Start of Input material

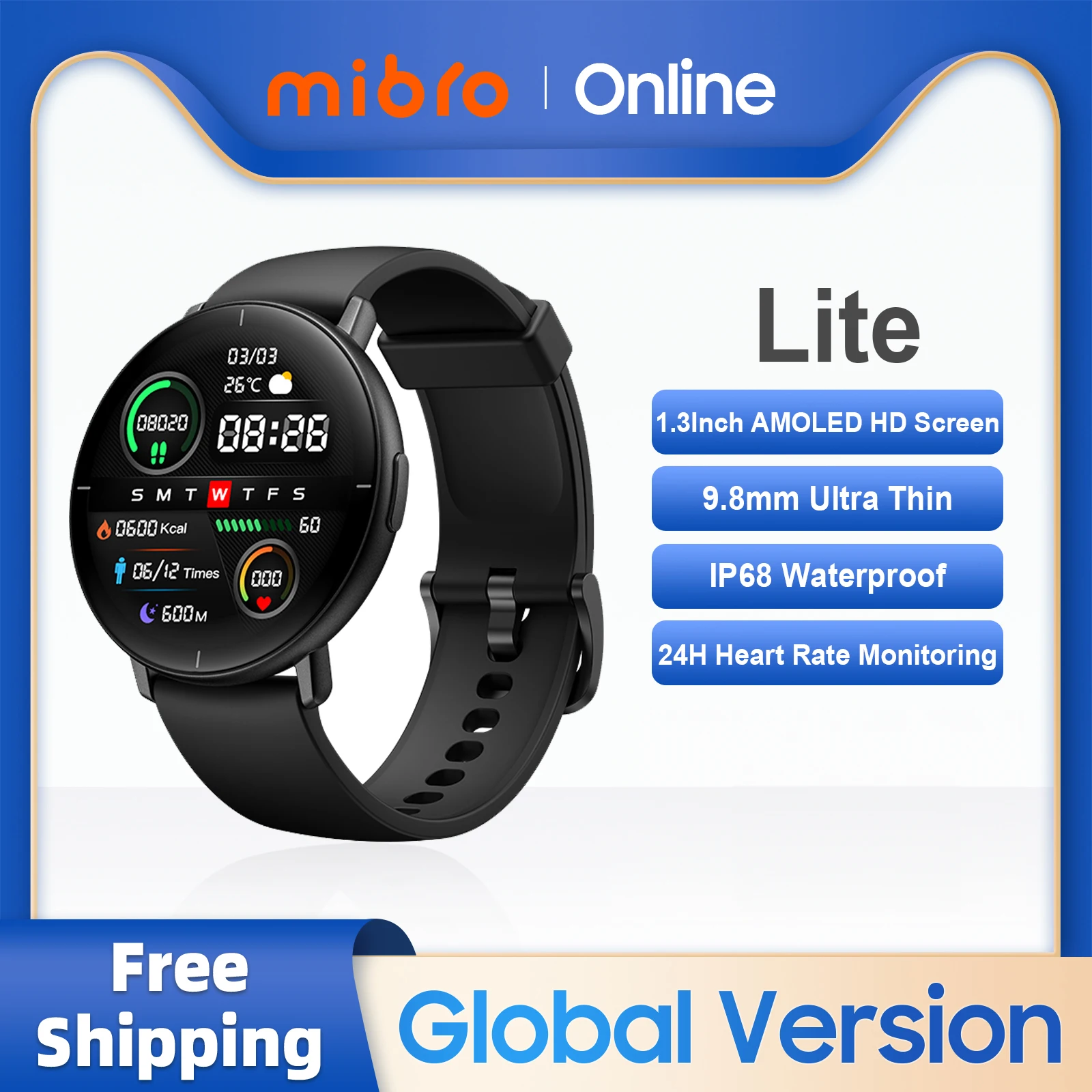 Mibro Lite 스마트 워치 글로벌 버전 1.3 인치 AMOLED HD 디스플레이 IP68 방수 응용 프로그램 제어 피트니스 모니터링 Bluetooth 스포츠 남성 스마트 워치 iOS 안드로이드 호환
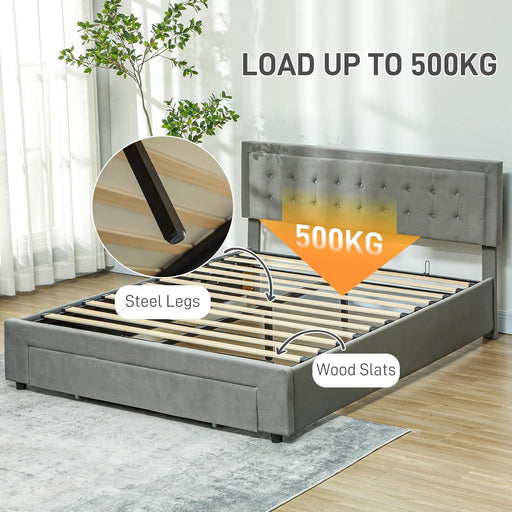 King Size Ottoman Bed Frame with Hydraulic Lifting Storage, Wheeled Drawer, Adjustable Velvet Upholstered Headboard, Wooden Slats Mattress Foundation, No Box Spring Needed, Grey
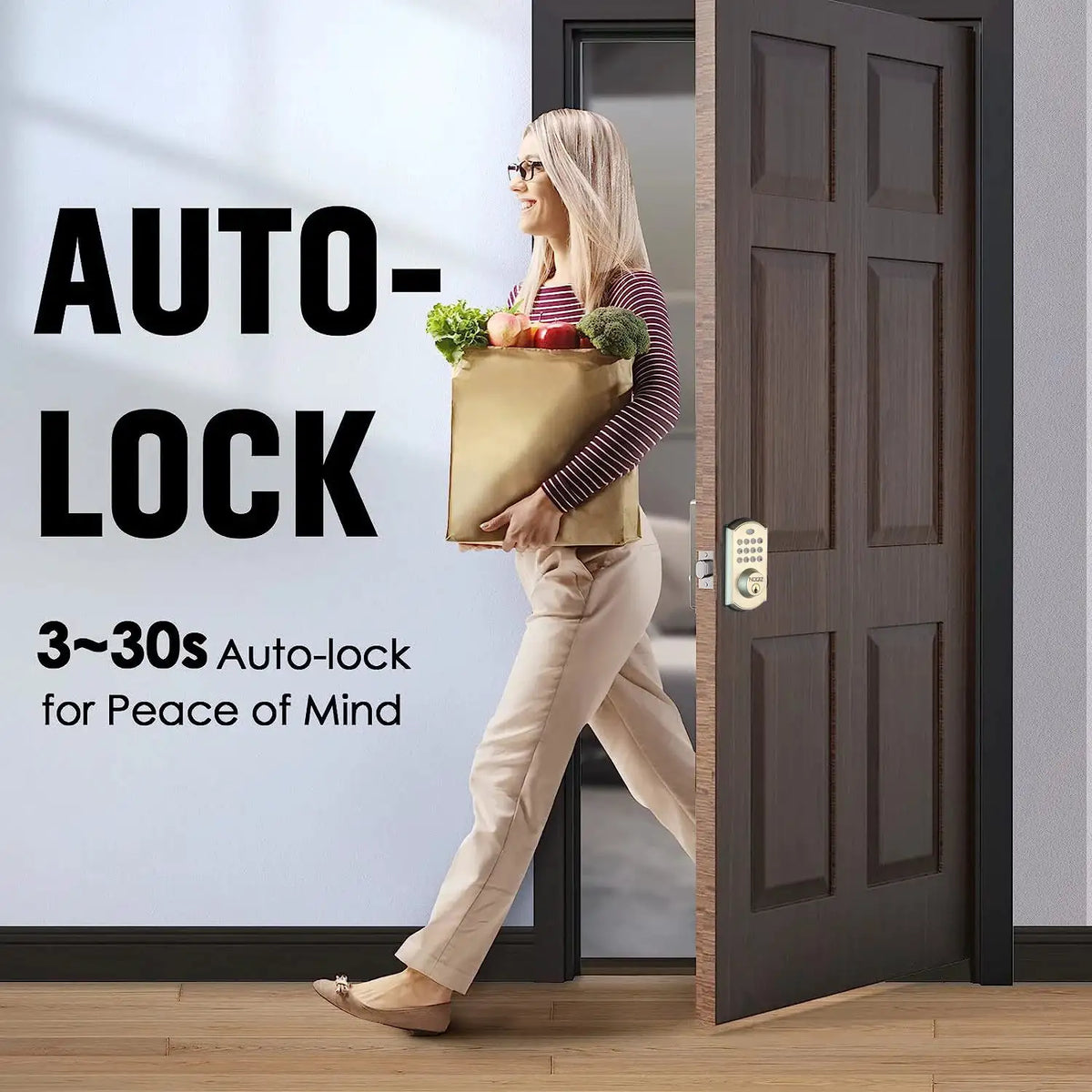 Keyless Entry Door Lock - Electronic Door Lock with Keypad, Smart Latch Lock with Automatic Lock, Safe Waterproof Smart Lock 19L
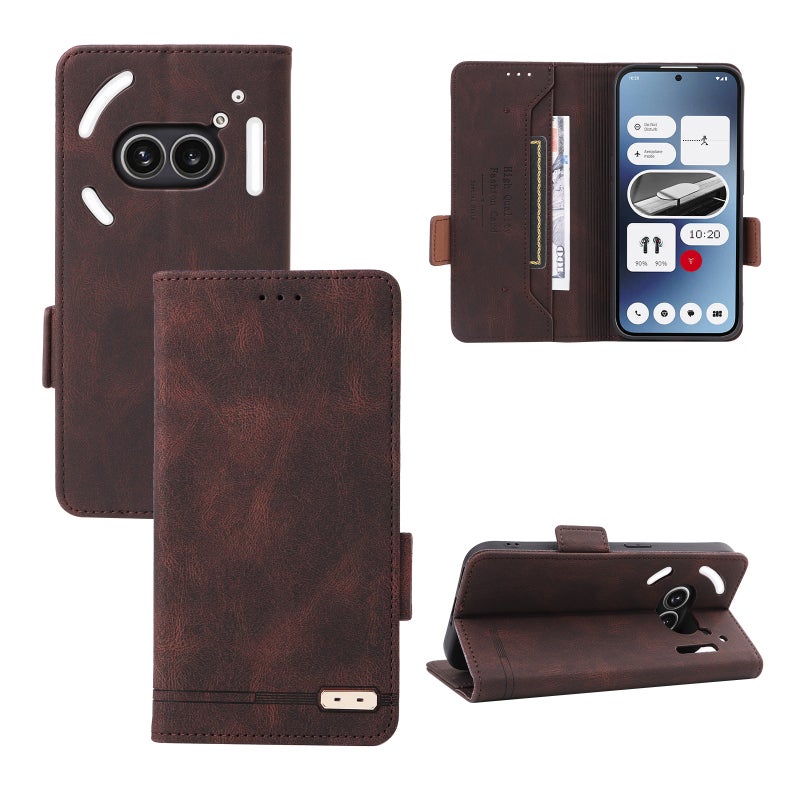 HuHa Case Cover For Nothing Phone 2a Magnetic Clasp Leather Phone Case(Brown) - Image 1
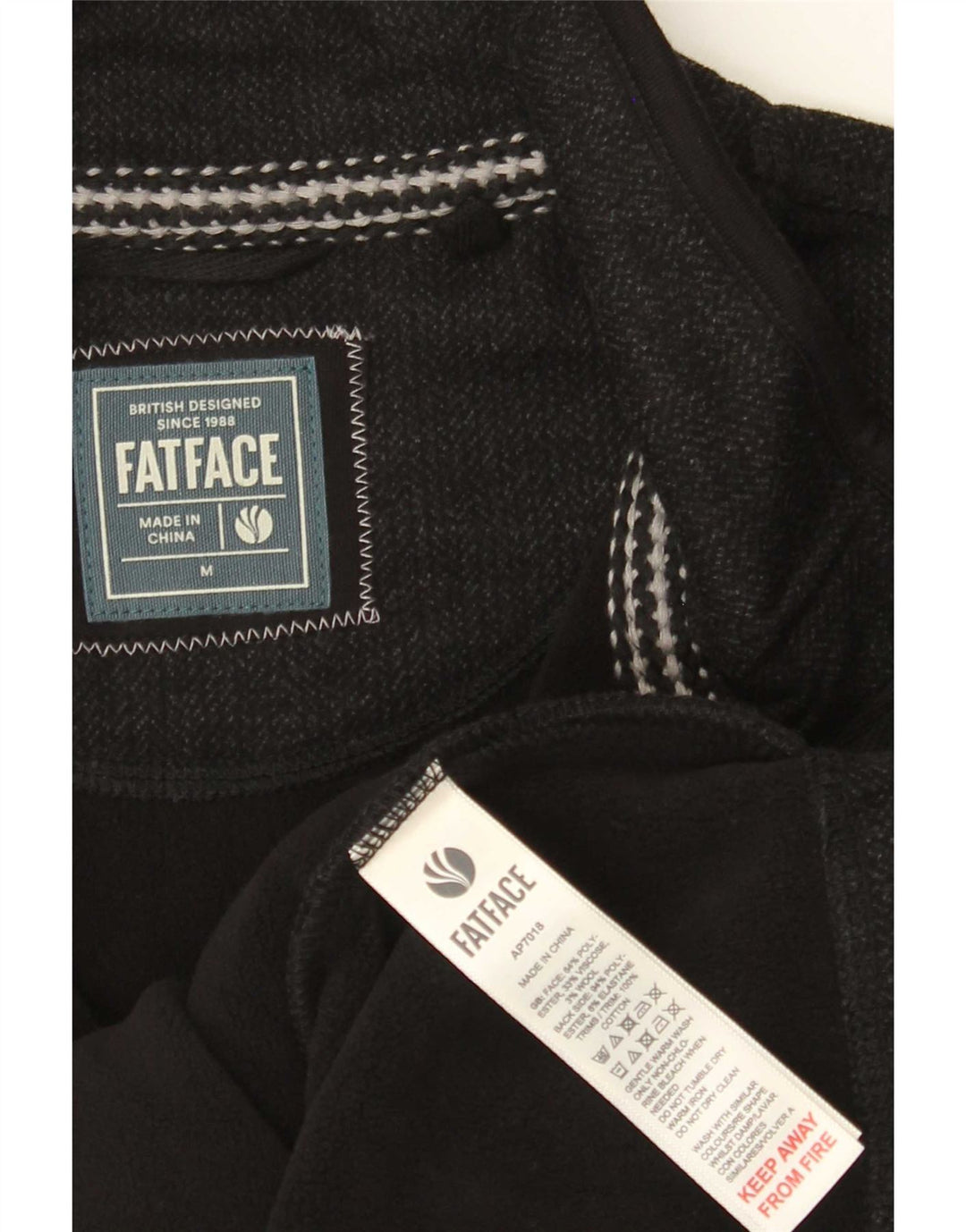 Fat Face Herren-Fleecepullover mit Reißverschluss am Hals, mittelgraues Polyester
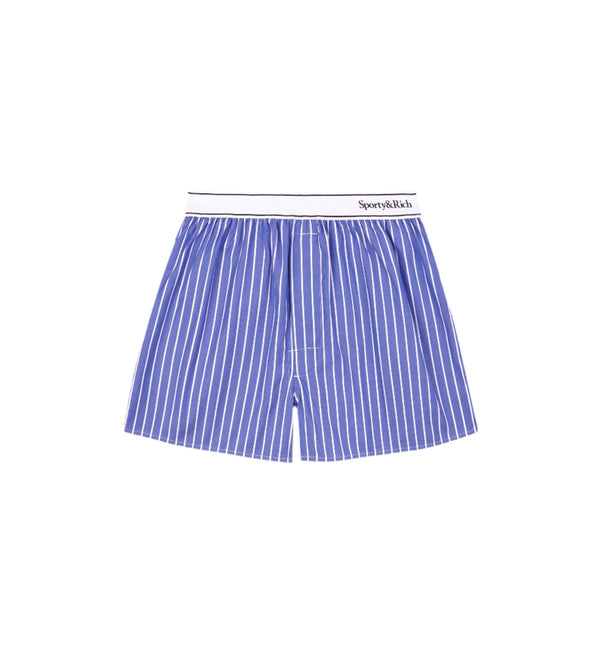 Serif Logo Boxer Shorts (Blue/White Stripe)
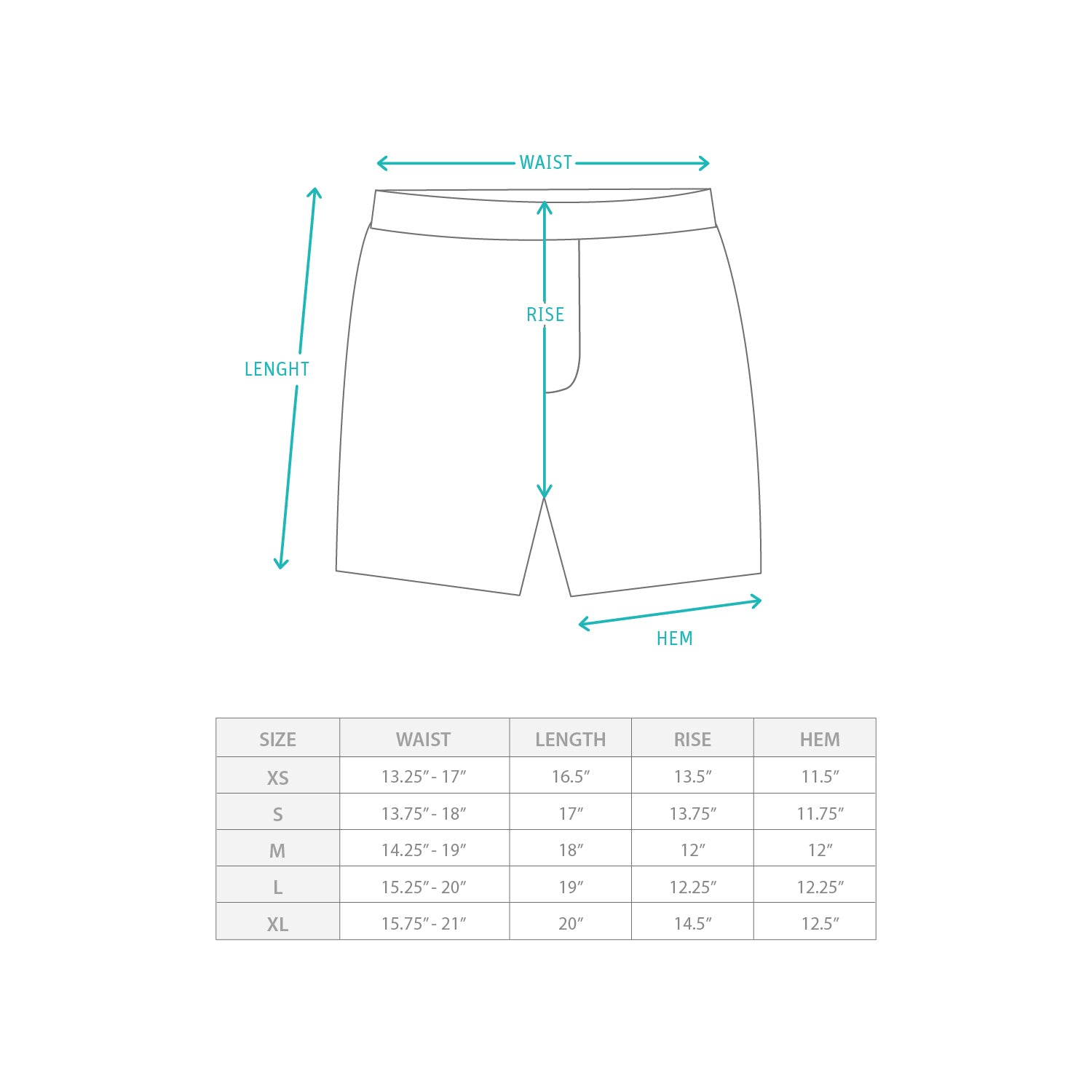 (SP440) 2 Tone Summer Shorts Size Chart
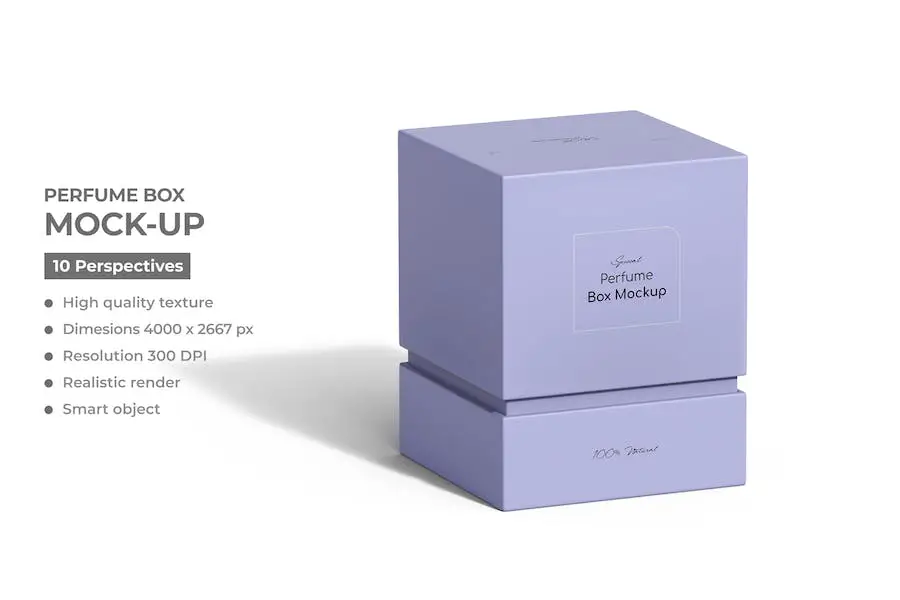 Custom Perfume box packaging PSD mockup - 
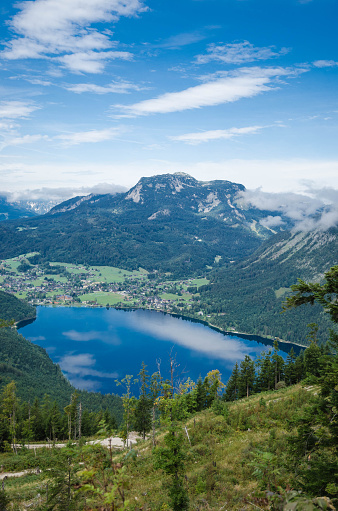 Beautiful mountain scene with famous Grundlsee. Photo made in Styria, Trisselkogel and Trisselwand.   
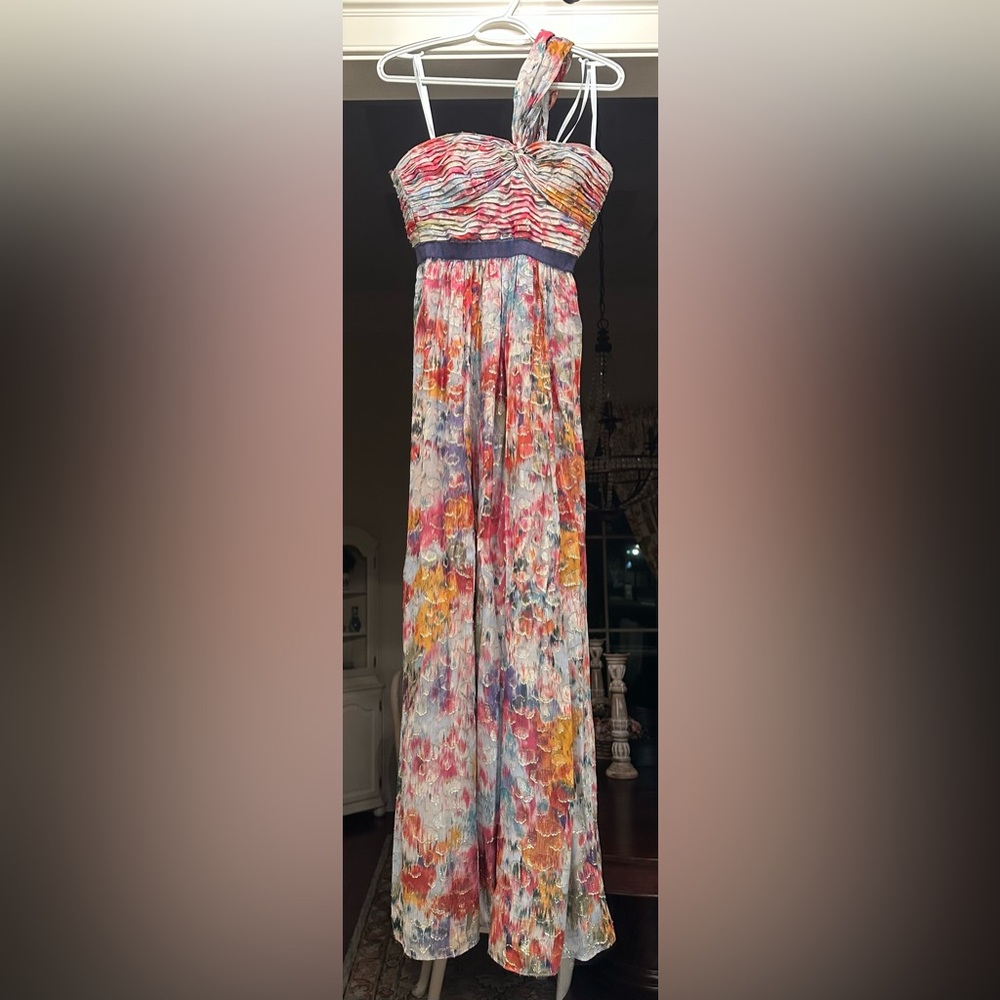 BCBGMaxAzria Elegant Inga Metallic Pleated Multi-Colored One Shoulder Dress
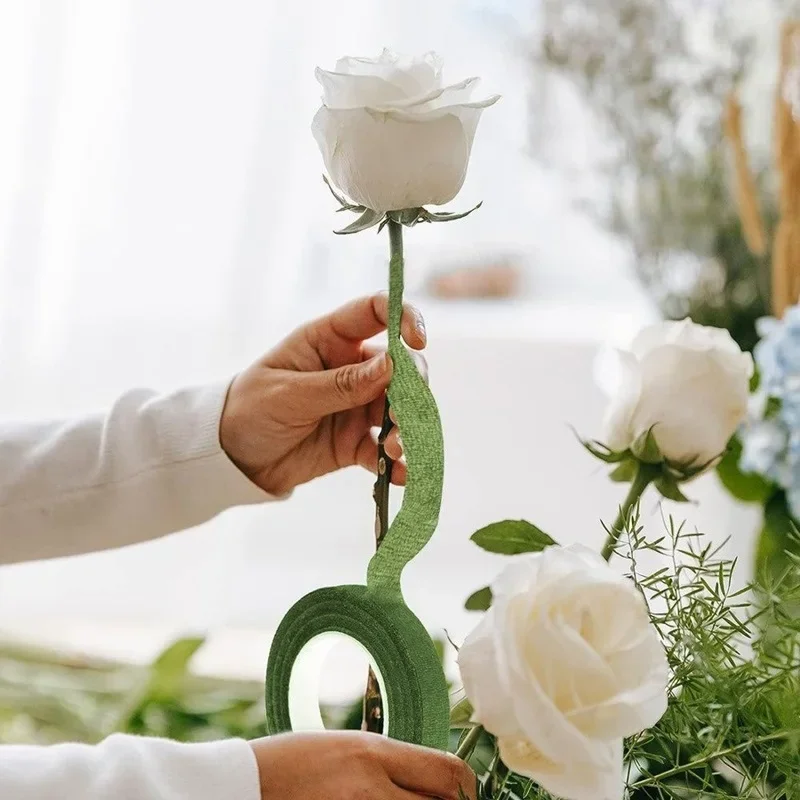 Floral Tapes Self-adhesive Floral Paper Tapes Bouquet Stem Green Floriculture Tape Stamen Wrapping Florist DIY Artificial Flower Supplies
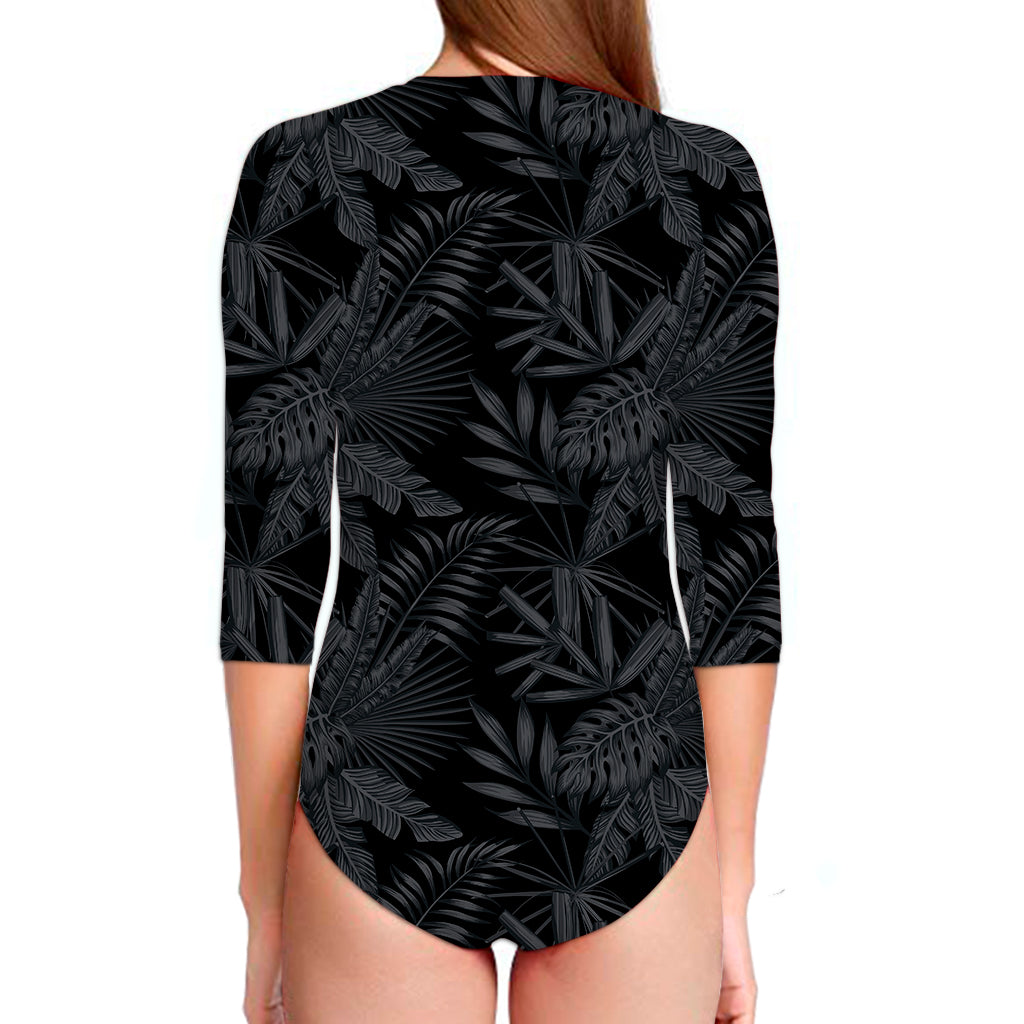 Black Palm Leaf Aloha Pattern Print Long Sleeve Swimsuit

End of Input material

| Instructions for the task |
Every record is to be restated word for word, with the pictures left out.

| Output below |
 Mibro Lite 스마트 워치 글로벌 버전 1.3 인치 AMOLED HD 디스플레이 IP68 방수 응용 프로그램 제어 피트니스 모니터링 Bluetooth 스포츠 남성 스마트 워치 iOS 안드로이드 호환
 King Size Ottoman Bed Frame with Hydraulic Lifting Storage, Wheeled Drawer, Adjustable Velvet Upholstered Headboard, Wooden Slats Mattress Foundation, No Box Spring Needed, Grey
 Keyless Entry Door Lock - Electronic Door Lock with Keypad, Smart Latch Lock with Automatic Lock, Safe Waterproof Smart Lock 19L
 HuHa Case Cover For Nothing Phone 2a Magnetic Clasp Leather Phone Case(Brown) - Image 1
 Fat Face Herren-Fleecepullover mit Reißverschluss am Hals, mittelgraues Polyester
 Serif Logo Boxer Shorts (Blue/White Stripe)
 (SP440) 2 Tone Summer Shorts Size Chart
 Custom Perfume box packaging PSD mockup - 
 Beautiful mountain scene with famous Grundlsee. Photo made in Styria, Trisselkogel and Trisselwand.   
 BCBGMaxAzria Elegant Inga Metallic Pleated Multi-Colored One Shoulder Dress
 Floral Tapes Self-adhesive Floral Paper Tapes Bouquet Stem Green Floriculture Tape Stamen Wrapping Florist DIY Artificial Flower Supplies
 Black Palm Leaf Aloha Pattern Print Long Sleeve Swimsuit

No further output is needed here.